The Founding of the Flipside, Part VI
You'll have to forgive me: The sixth and final act in The Founding of The Flipside story is something of a love letter. It's a love letter about the relationship between an investor and startup founders. About forks in the road; about choices and about trust.
It's a love letter about the game of venture capital and how it should be played.
It goes a little like this.
After the Mylestone Board Meeting with Tony - the one where we admitted the side-hustle development of Flipside - True Ventures had some choices to make. In a situation this challenging, the most typical choice might be to ascribe blame; to point fingers, to fuss over money spent, even - in some cases - to be asked for financial restitution. But, instead, True started with one rather simple question. One that foretold their capacity to understand the founder journey deeply.
They asked Jim and I simply: Which company are you most passionate about?
Seed stage venture capital happens to be a game of sophisticated risk. You invest in founders with an idea, maybe a prototype, maybe a scribble on the back of a napkin. More often than not, there isn't yet momentum, or product market fit, or even a fully formed team. And so odds are stacked: Very few companies figure it out, and even fewer make it big; if you look at the math, most startups fail for one reason or another.
But mostly it's not ideas you're backing - it's people. And that's why the best Venture Capitalists are willing to back the founders they believe in again and again and again.
True's math is obvious: it has backed 52 founders more than once.
And so, in the spirit of being backed again, I offered True something of a cutesy idea: Let's take the $2M of venture capital dollars remaining in Mylestone and just, sorta, well...like, just, shovel it right on over to Flipside. That'll let us keep building without missing a beat. Let's get goin'. Giddyup and all that.
Simple, right?
"Whoa, not so fast, buddy, not so fast." This from True Venture's CFO (in 2018), a one Mr. Jim Stewart. He followed with the previously aforementioned chestnut about the right way of doing things.
Jim Stewart is as fascinating a creature as you'll find. In his operating days as a CFO, he took no less than four companies public. Jim's side hustle? Well he moonlights on the pit crew for an IMSA Series Le Mans Prototype 2 auto racing team. Another side hustle? Flying small planes, yeah, no big deal. Oh, wait, one more: Saving puppies. You heard me right, puppies. Besides providing excellent financial advice, you'll often find Jim hustling from a raceway to fly a plane to deliver 8-week old puppies for Canine Companions for Independence. Go ahead, find me another human who does all of these things. I dare you.
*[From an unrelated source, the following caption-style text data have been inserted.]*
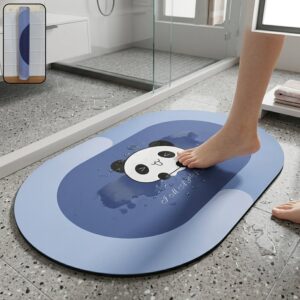 Premium Soft Anti Slip Bathroom Floor Mat (1 Pc, 79x50 Cm)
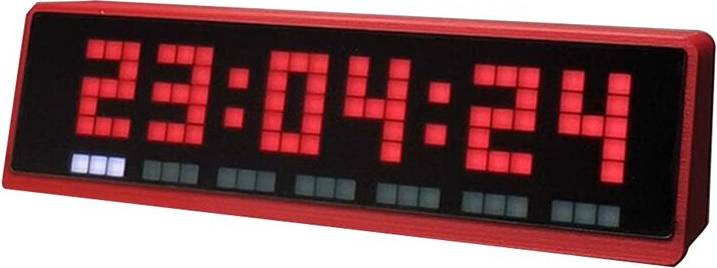LED Display Clock with Weather - Table Clock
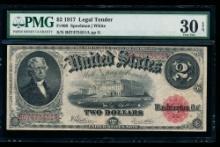 1917 $2 Legal Tender Note PCGS 30EPQ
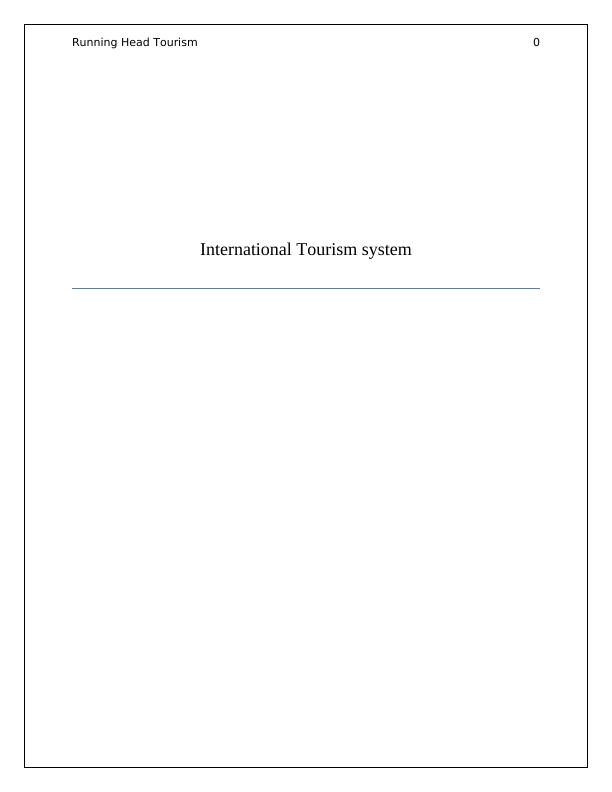 International Tourism system docx_1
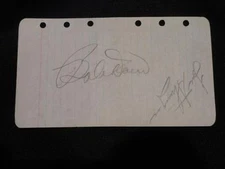 Boston Red Sox Bobby Doerr Lou Stringer Signed Autograph Vintage Album Page S13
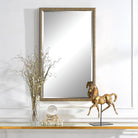 Intricate Mirror Gold Finish Keiichi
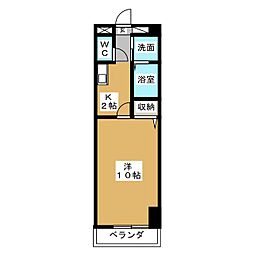 シャルマンMK 1Kの間取図画像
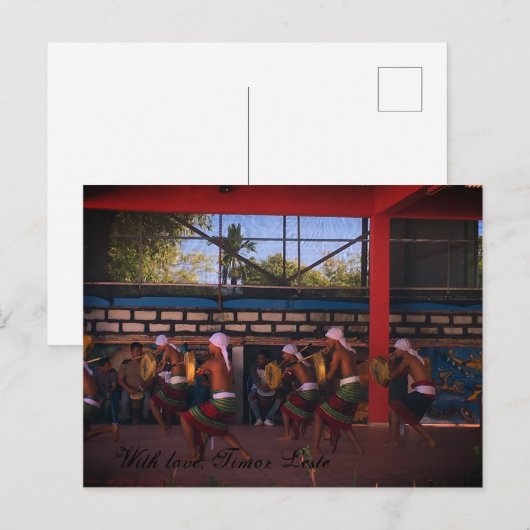 Mit Liebe Timor-Leste Postkarte (Vorne/Hinten)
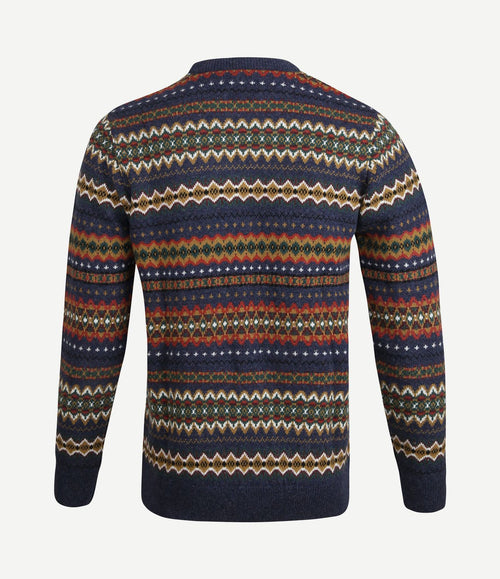 Pullover fairisle wol dessin
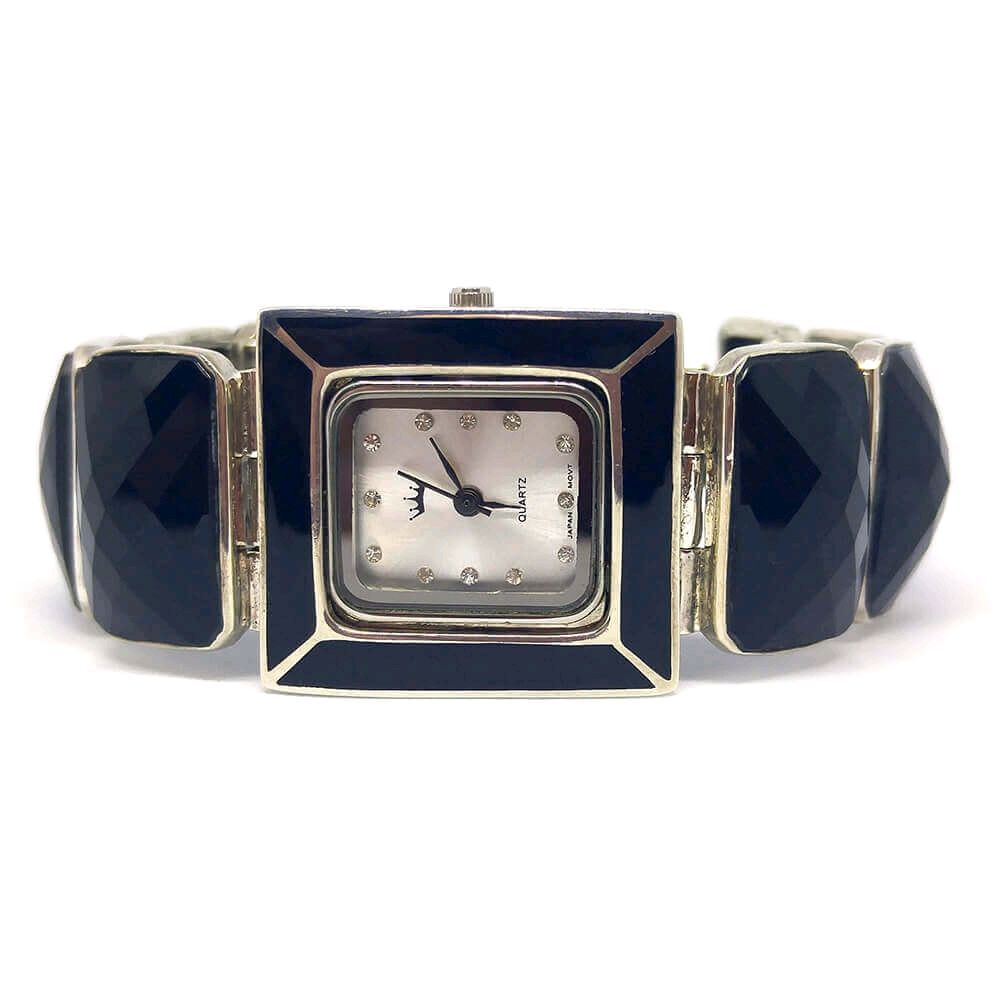 Крупные серебряные женские часы 925 с большим чёрным ониксом!, Часы наручные, Невинномысск,  Фото №1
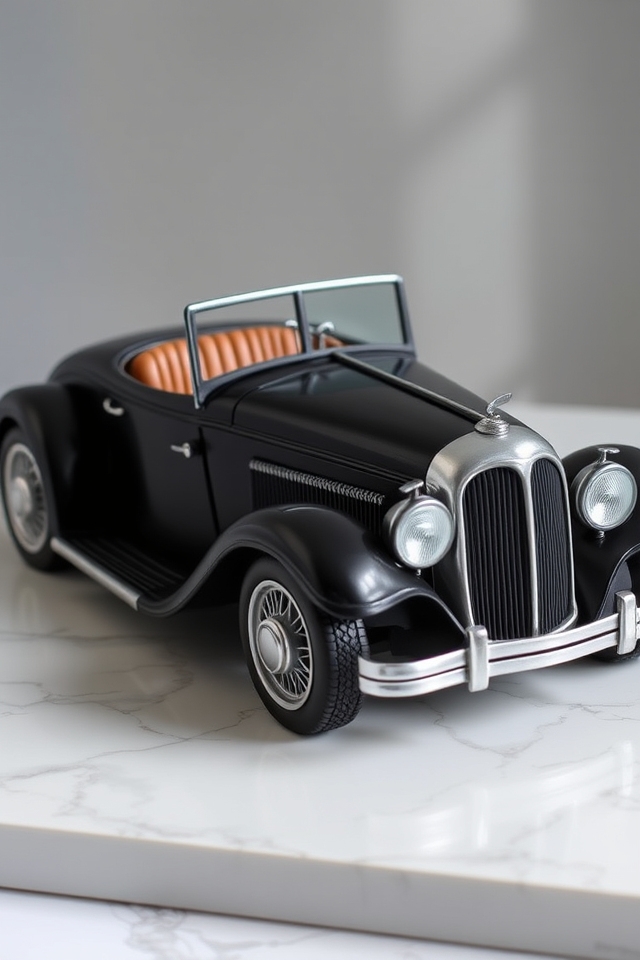 vintage roadster replica cake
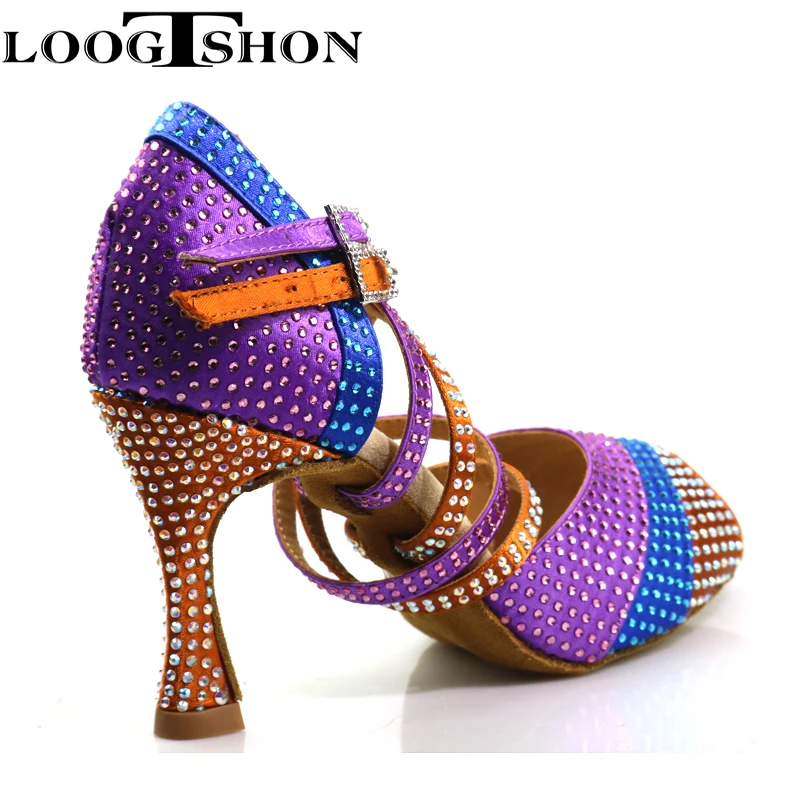 Loogtshon, zapatos de mujer 2020, zapatos de baile latino para mujer, zapatos de baile latino de 10CM de tacón alto, zapatos de baile suaves de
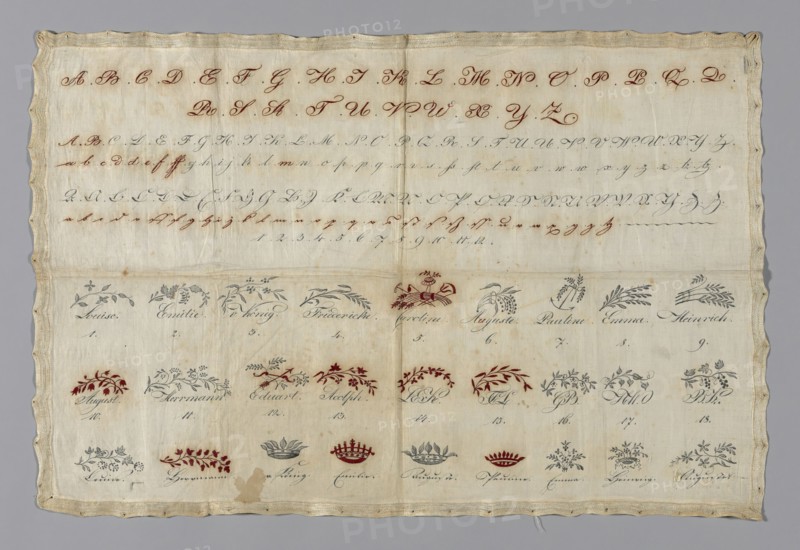 Sampler, Germany, 19th century. Creator: Unknown.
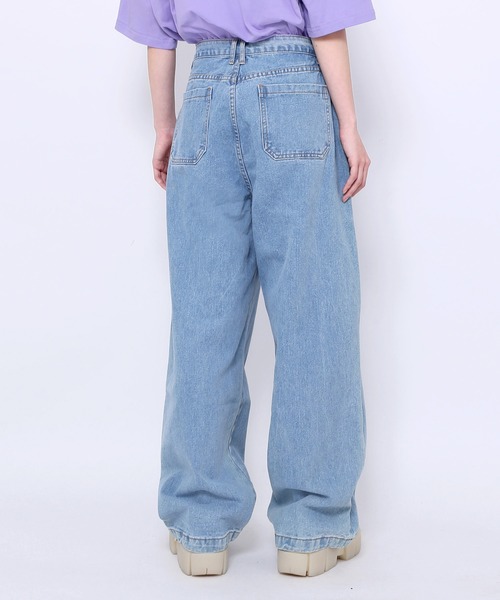 WOND（ウォンド）の「タック入りデニムパンツ（デニムパンツ・レディース・ブラック/グレー/ブルー系その他・MEDIUM/LARGE）」の16枚目の写真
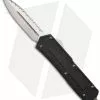 Microtech Scarab D/E OTF Automatic Knife (3.5" Stonewash Full Serr) 175-12 -Avokelavavat Sales Store microtech scarab de stonewash full serr 175 12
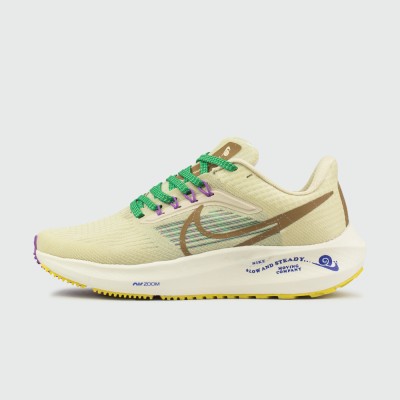 Кроссовки Nike Air Zoom Pegasus 39 Grey / Green Laces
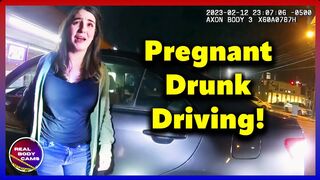 NEW: Thick White Girl Pregnant Mom's Late-Night DUI Arrest On Wrong Side!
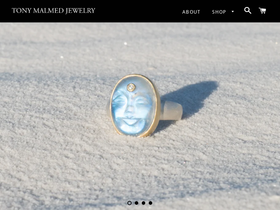 tonymalmedjewelry.com homepage screenshot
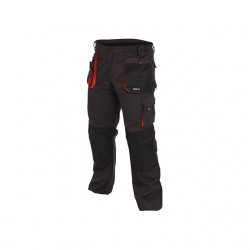 YT-80147 YATO Pantaloni de lucru, marime M, 9 buzunare, culoare negru.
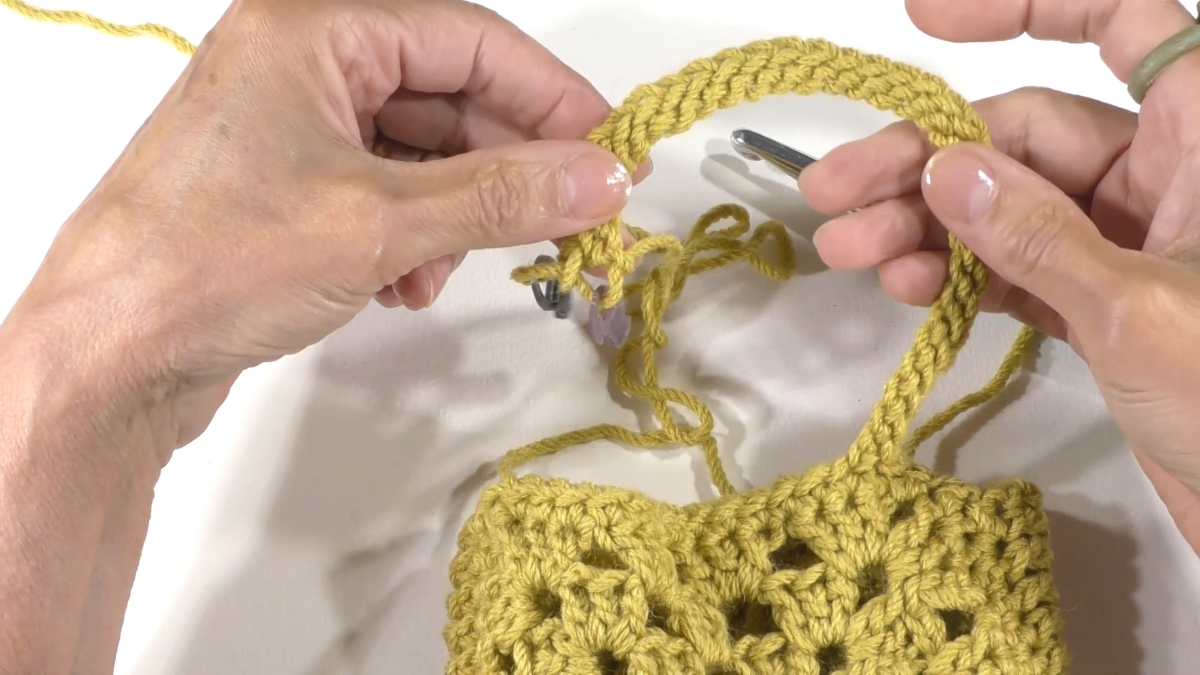 DIY Granny Bag con hilo de algodón reciclado Nova Vita : Paso 18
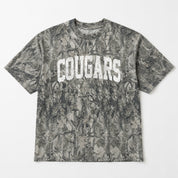 WASHINGTON STATE COUGARS FIELD READY VINTAGE WOODLAND CAMO UNISEX TEE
Anyway, Jim was adamant: We are going to wind down Mylestone completely. End of story. Then - if True deems it interesting - we'll provide a new term sheet to fund Flipside. Yes, it will take more time, but it is clean and clear and no one will have to try to understand which company is which. Founder impatience aside, this indeed was the right way to do things. Ding dong: a fresh start was required for Flipside.
But what to do with the $2M of remaining capital still in Mylestone? Well, we organized a choice to be offered to all investors: We can return your portion of the remaining capital (we'd spent a little more than half), or you can convert that value into ownership in our future venture, Flipside.
(Fun fact: 100% took us up on the conversion into Flipside.)
And so, nearly seven years has gone by and Flipside is still thrumming along, having navigated crypto highs and lows, and company evolutions, now with 75 employees and tens of millions in revenue. And while Jim and Eric and I were the protagonists, it's really Tony and Adam and True who made this all possible.
C'mon how could we not fall in love with that?
Recently, I had dinner with Mylestone/Flipside investor George Bell.
"Seems this Flipside thing is really happening," he muses.
"As for Mylestone, I loved that company; all I know is that it was a very expensive way to get a company-branded T-Shirt."